CAPTCHA or Completely Automated Public Turing test to tell Computers and Humans Apart, is the squiggly hard to read letters that many sites now have you enter to prove you are human.

Image CAPTCHAs for Google, Windows Live, and Yahoo! have been broken in recent months, and is believed to account for the increasing levels of spam that are coming from webmail services that those companies provide.

It has been theorised that one cost-effective means of breaking audio captures and image captures that have not yet had automated systems developed is to use a mechanical turk and pay low rates for per-CAPTCHA reading by humans, or provide another form of motivation such as access to adult sites for reading the CAPTCHA. However, it always required a significant level of resources to achieve.

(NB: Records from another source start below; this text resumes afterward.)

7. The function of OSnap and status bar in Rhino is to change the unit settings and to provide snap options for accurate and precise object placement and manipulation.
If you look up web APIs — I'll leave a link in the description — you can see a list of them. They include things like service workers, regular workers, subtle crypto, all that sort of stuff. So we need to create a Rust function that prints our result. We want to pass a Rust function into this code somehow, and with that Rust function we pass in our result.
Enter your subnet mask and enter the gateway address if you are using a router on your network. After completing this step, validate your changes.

The development of software to automatically interpret CAPTCHAs brings up a number of problems for site operators -- in particular, software that can rapidly interpret the tests effectively negates any barrier to entry that the CAPTCHA once represented.

Audio CAPTCHAs are a means to allow vision-impaired Internet users access to site areas that they would otherwise be denied to. Much like the image counterparts, audio CAPTCHAs apply distortion to a set of numbers or letters that are read out in a small audio file. The idea is that a human is able to efficiently disregard the distortion and interpret the characters being read out while software would struggle with the distortion being applied, and need to be effective at speech to text translation in order to be successful.

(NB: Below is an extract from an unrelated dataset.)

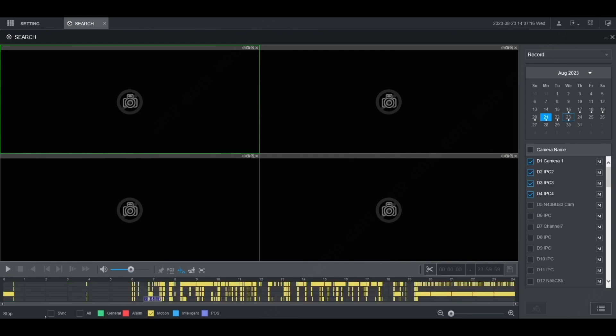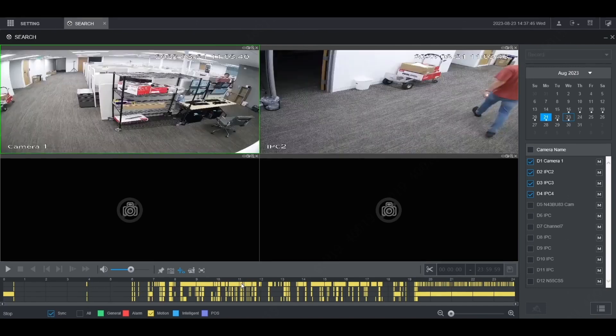If you check the box for sync, when you play back the footage, it will synchronize all the channels that you have checked. I'm going to do that, and then I'm going to double-click on the timeline and it will start playing back footage for all four channels synchronized with each other.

The problem, as discovered by Wintercore Labs and published at the start of March is that there are repeatable patterns evident in the audio file and by applying a set of complex but straight forward processes, a library can be built of the basic signal for each possible character that can appear in the CAPTCHA.

Wintercore point to other audio CAPTCHAs that could be easily reversed using this technique, including the one for Facebook. The wider impact of this work might take some time to appear, but it provides an interesting proof of breaking audio CAPTCHAs. At the least, it shows that both of Google's CAPTCHA tools have now been defeated by software and it should only be a matter of time until the same can be said for Microsoft and Yahoo!'s offerings. Even with an effectiveness of only 90%, any failed CAPTCHA can easily be reloaded for a second try.

Even though Wintercore have declined to release their tool, the increasing awareness of the capabilities described should see competing tools emerge in the near future.